EDITOR’S NOTE: My previous post here was Part 1 of my extensive new interview with artist Gil Cohen about his cover paintings for the hugely popular Executioner/Mack Bolan series of novels created by author Don Pendleton. (In case you missed Part 1, click this link.)
If you’re a regular reader of this blog, you know that Gil Cohen is one of the top illustration artists who did artwork for both men’s action/adventure novels and men’s adventure magazines. In recent decades, he has become one of the premier military aviation artists in the world, creating paintings of airplanes and crews that are sold at fine art galleries and as high quality prints.

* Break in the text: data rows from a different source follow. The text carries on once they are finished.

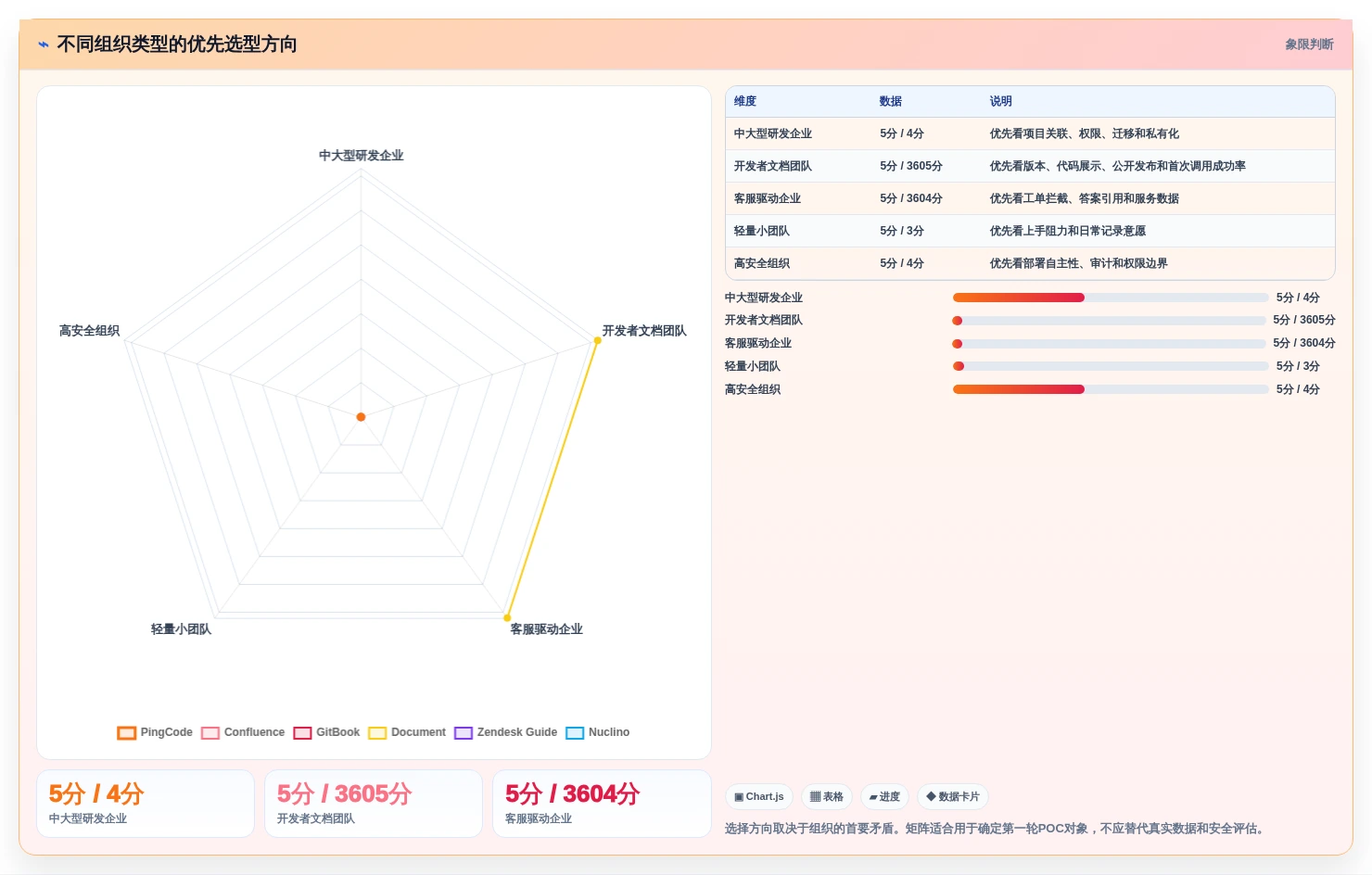 2026年效率革命:6大帮助文档平台工具深度对比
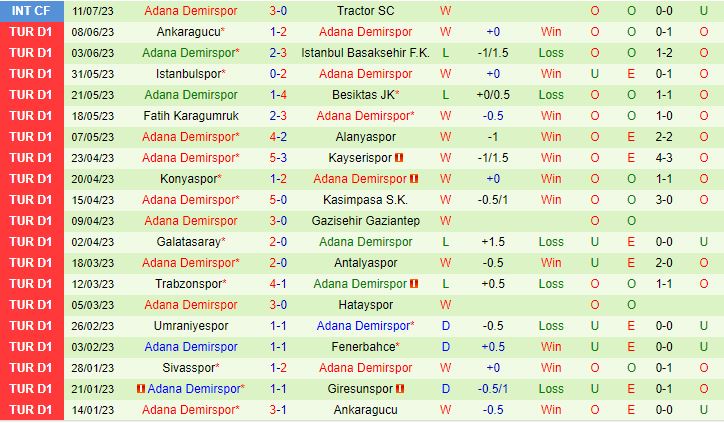 Nhận định Cluj vs Adana Demirspor 0h30 ngày 287 (Conference League 202324) 2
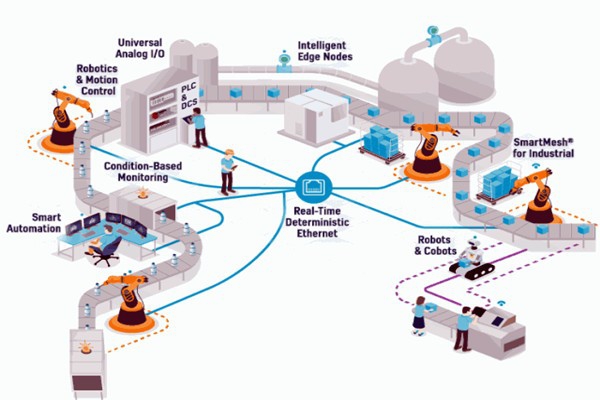 OPC技術(shù)，智能樓宇自控系統(tǒng)的進(jìn)化媒介！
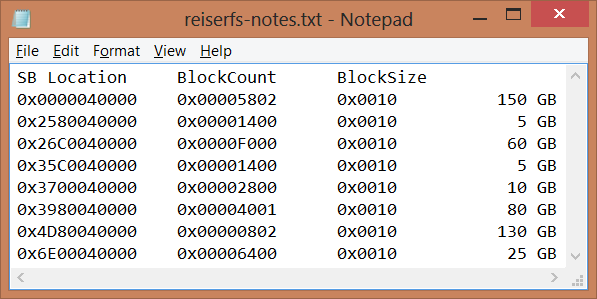 partition-list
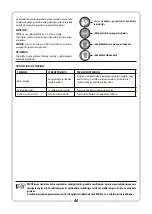 Preview for 46 page of Vulcan Concept VMG601 Operating Instructions Manual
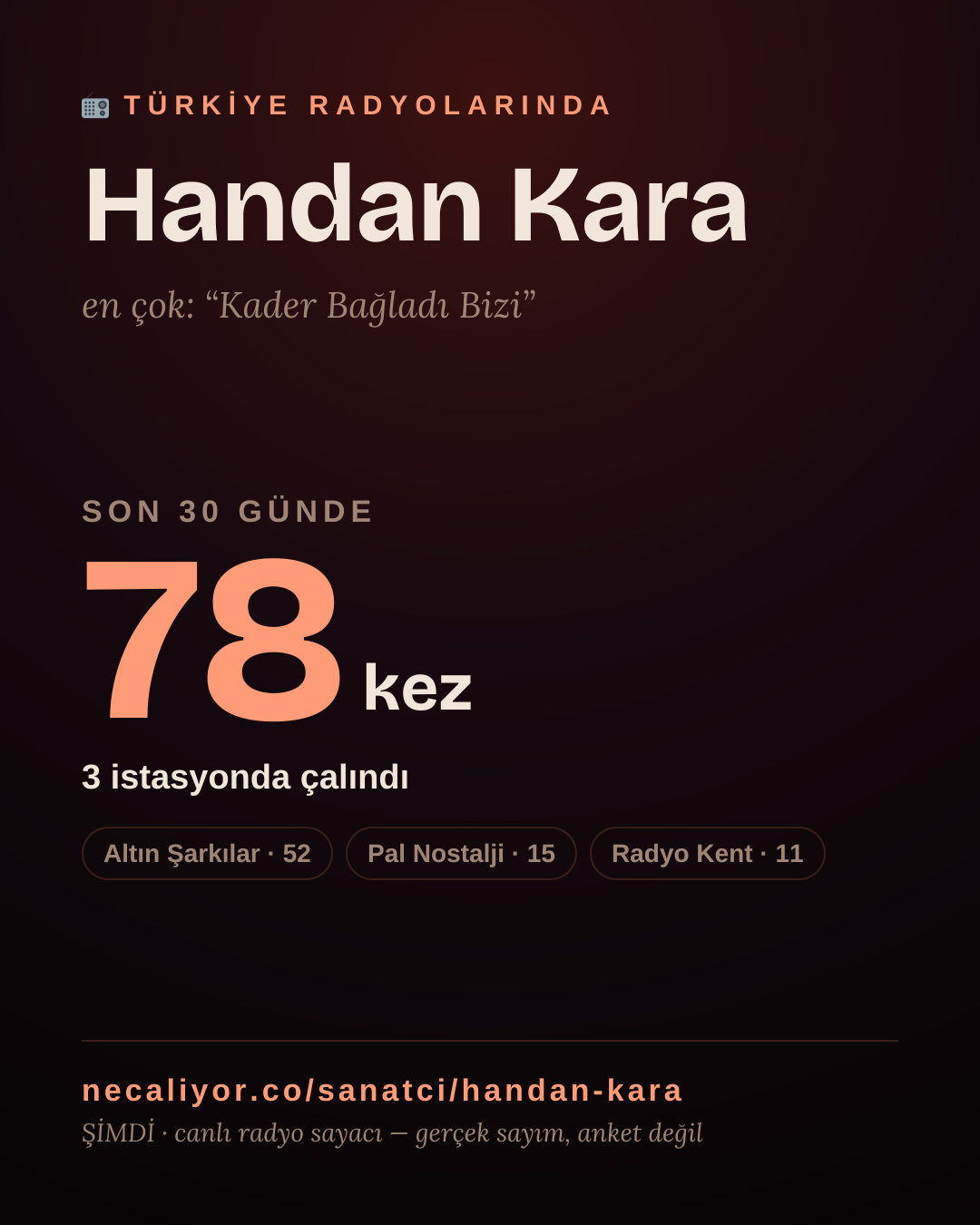 Sanatçısı, menajeri ya da hayranı mısın? Bunu paylaş.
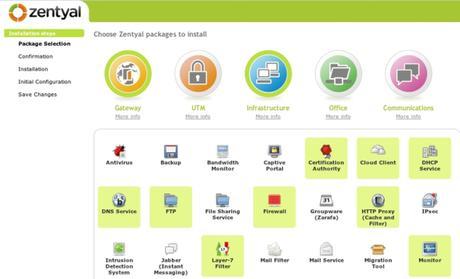 Software empresarial de código abierto para sistemas GNU/Linux Software empresarial de código abierto para sistemas GNU/Linux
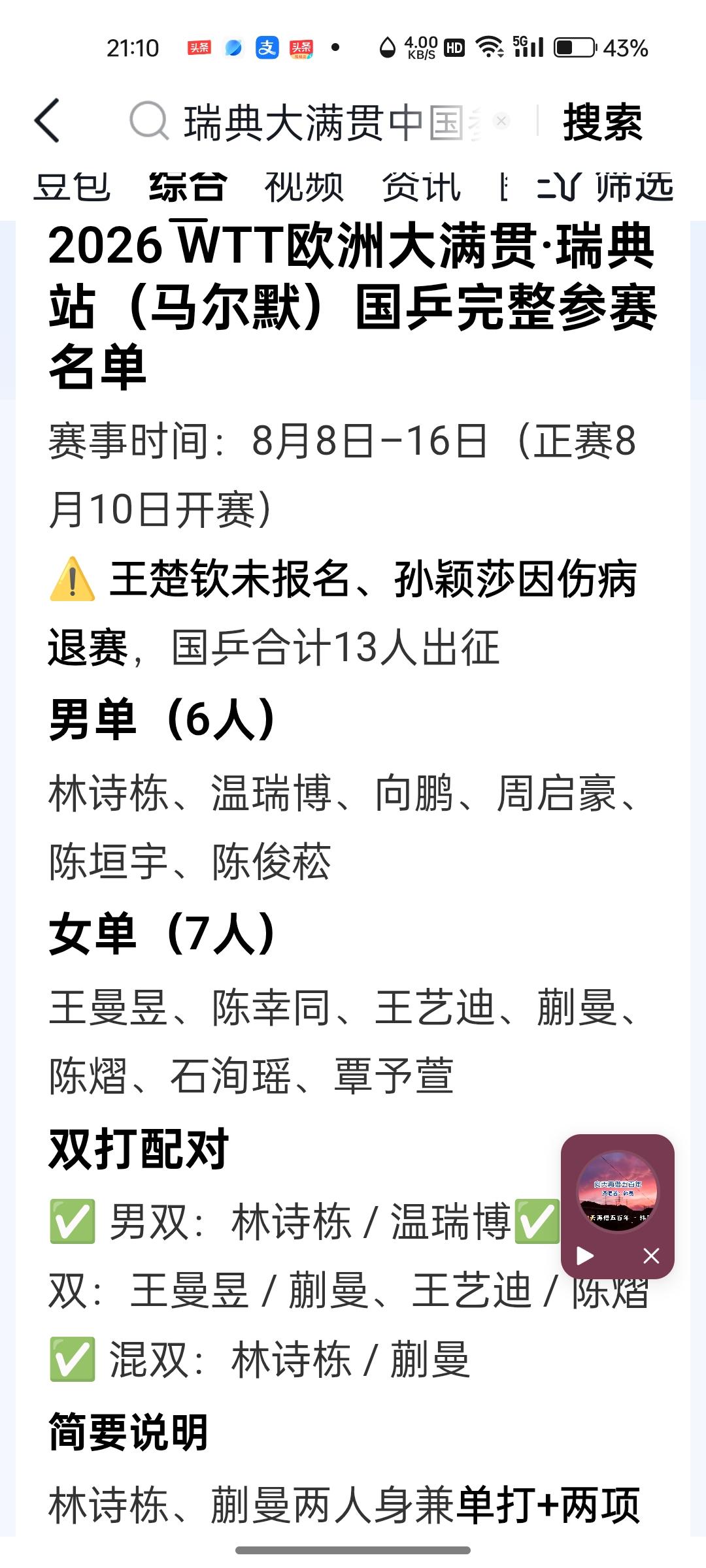 陈垣宇，陈俊崧一轮游！！瑞典大满贯赛，刚开赛，才进行了几场较量，国乒男队就有陈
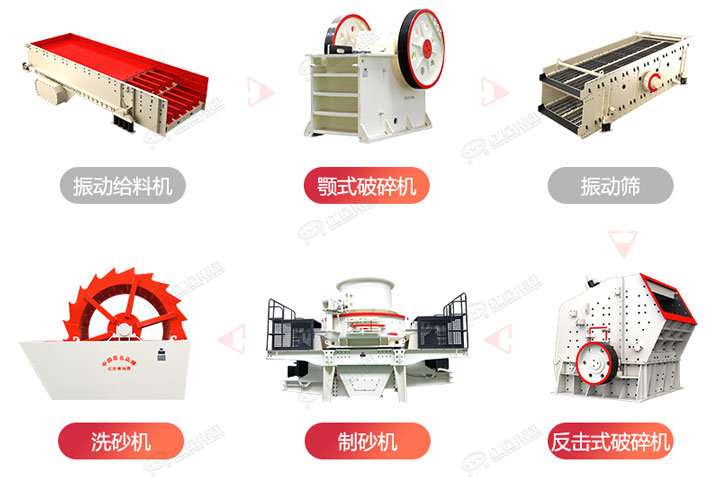 制砂生產(chǎn)流程圖，廠家可在線設(shè)計(jì)搭配生產(chǎn)線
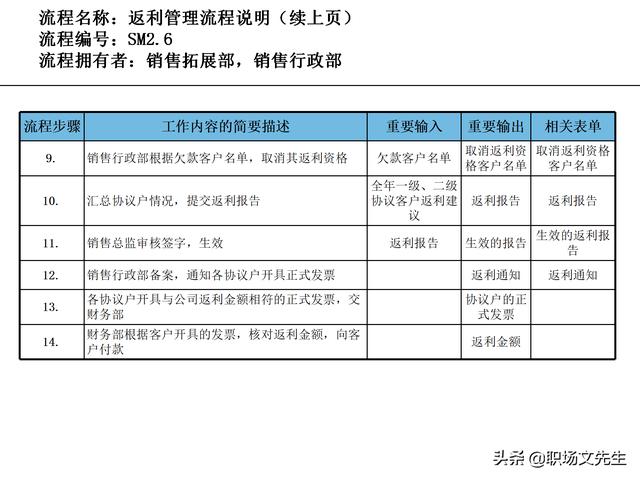 營銷目標和預(yù)算編制的調(diào)整，100頁流程系列營銷計劃與管理流程（制定營銷計劃時如何制定預(yù)算）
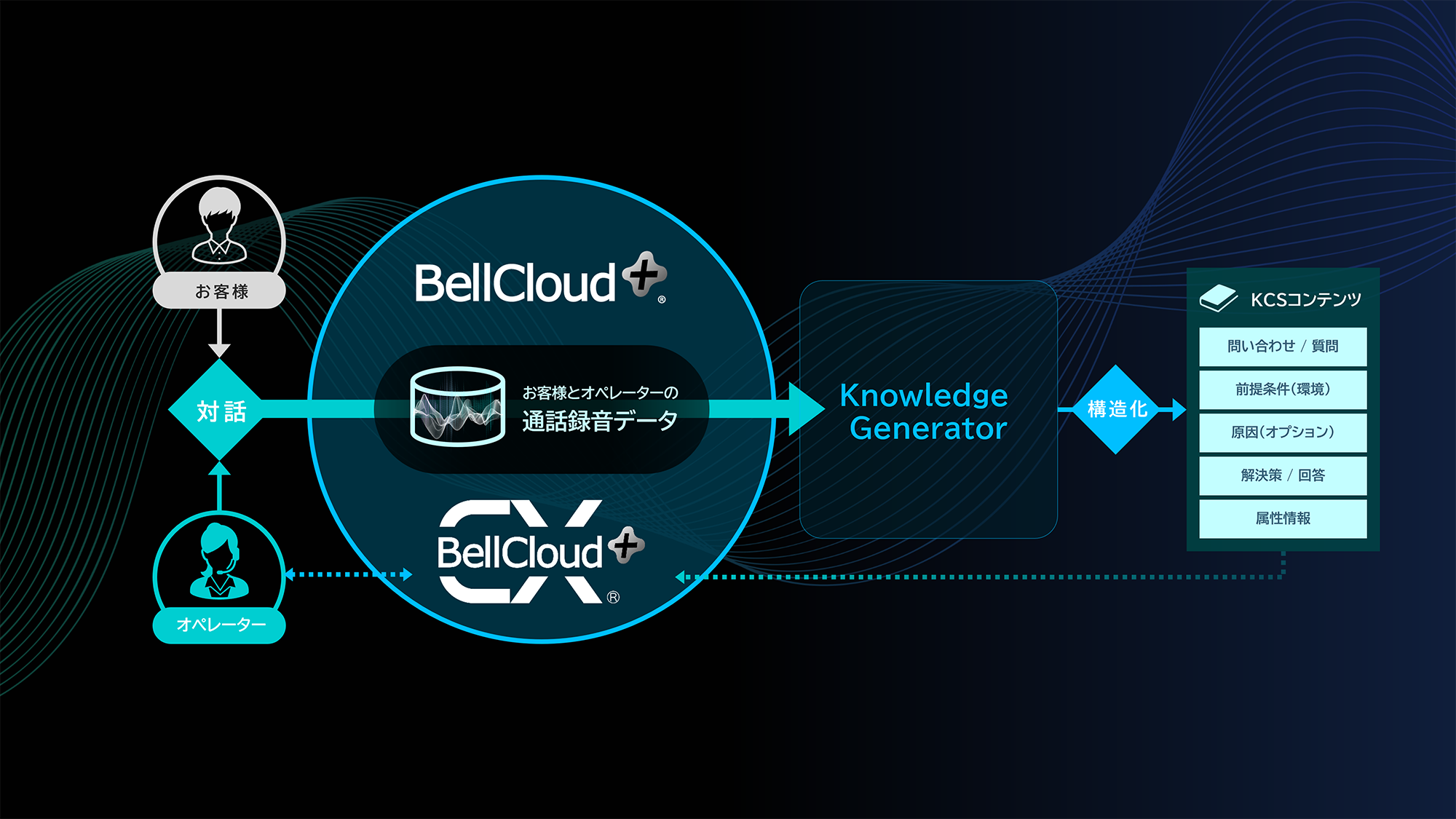 「BellCloud+®/BellCloud+CX®」とKnowledge Generatorによるコンタクトセンター高度化フロー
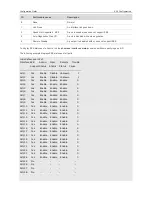 Предварительный просмотр 132 страницы Ruijie RG-S2900G-E Series Configuration Manual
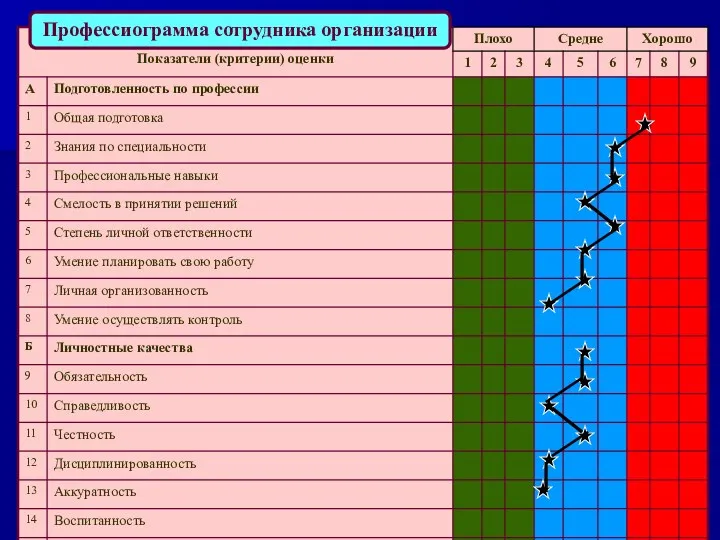 Профессиограмма сотрудника организации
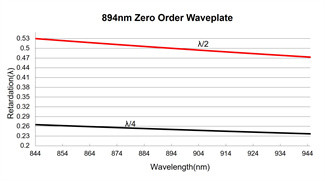 λ/4 Quarter Zero Order Waveplates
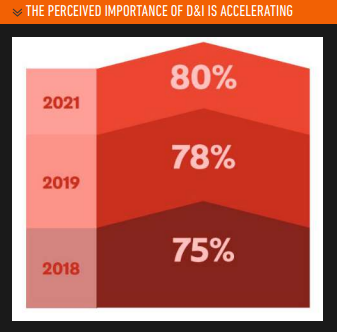 Business is aware of the growing importance of D&I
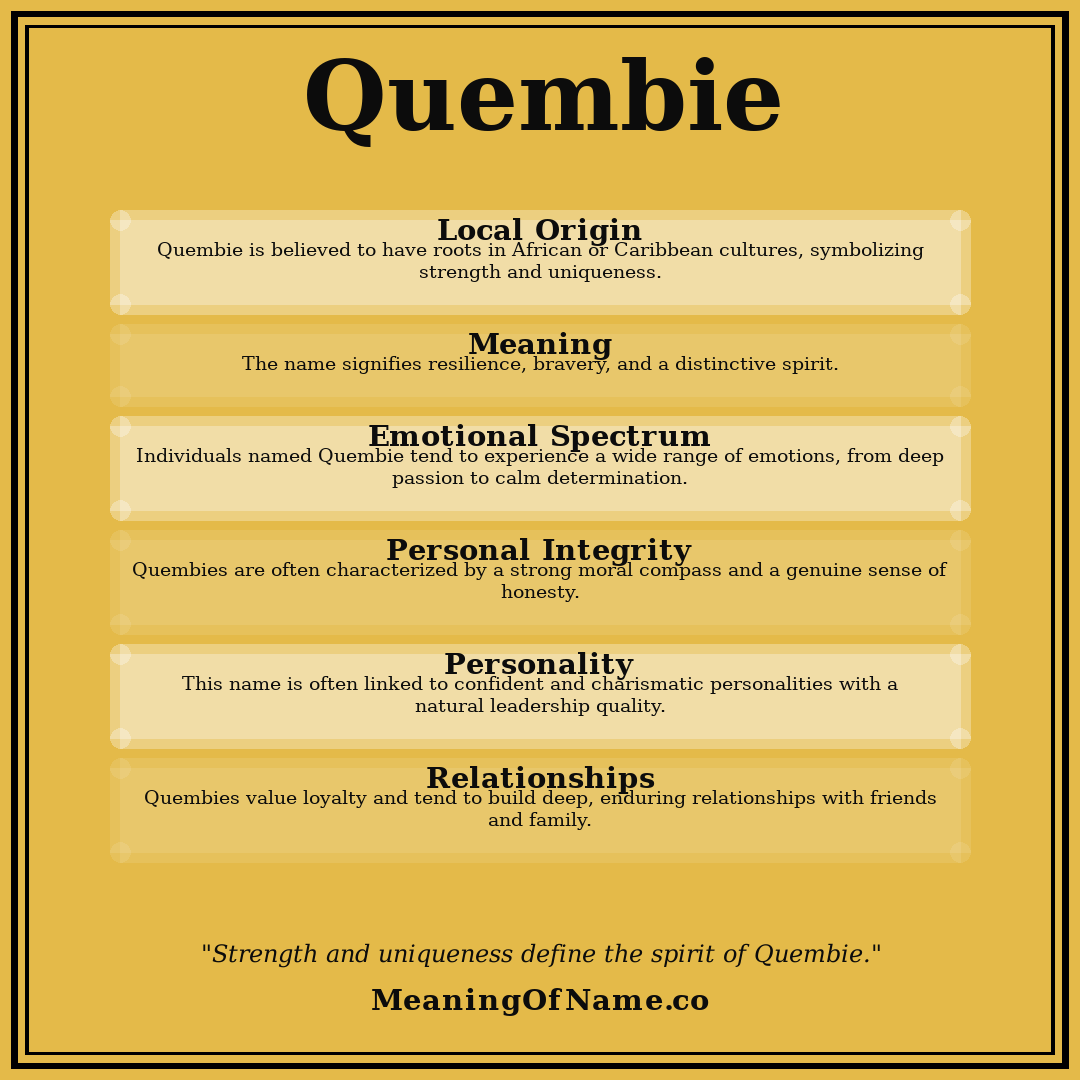 Quembie name meaning poster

I first talked to Gil years ago, in an interview I did with him years ago about his men’s adventure magazine work. In that interview, he told me he sold almost all of his original MAM artwork in the 1970s.
Gil has also sold many of the nearly 200 cover paintings he did in the 1980s and 1990s for the Executioner books and the Mack Bolan spinoffs, the “Able Team” and “Phoenix Force” series. However, I found out recently that he had stored away about 60 of his favorites at his home in Buck’s County, Pennsylvania.
Now, at age 86, Gil is ready to sell his remaining Mack Bolan treasures.
I learned that from a notice placed in the great, long-running fanzine Paperback Parade by Gil’s representative Rich Greene, who does the Paperback Parade layouts.
Most of the Executioner cover paintings shown in this post and Part 1 of my interview with Gil are for sale.
If you see a painting you’d like to buy, contact Rich Greene via email at [email protected], or call him at 856-278-4140.
Gil told me the prices he’s asking range from $1,000 to $2,500. He’s also willing to offers lay-away payments over time as an option.
Below is Part 2 of my recent interview with Gil, along with photos of more of the paintings he is selling and scans of the book covers…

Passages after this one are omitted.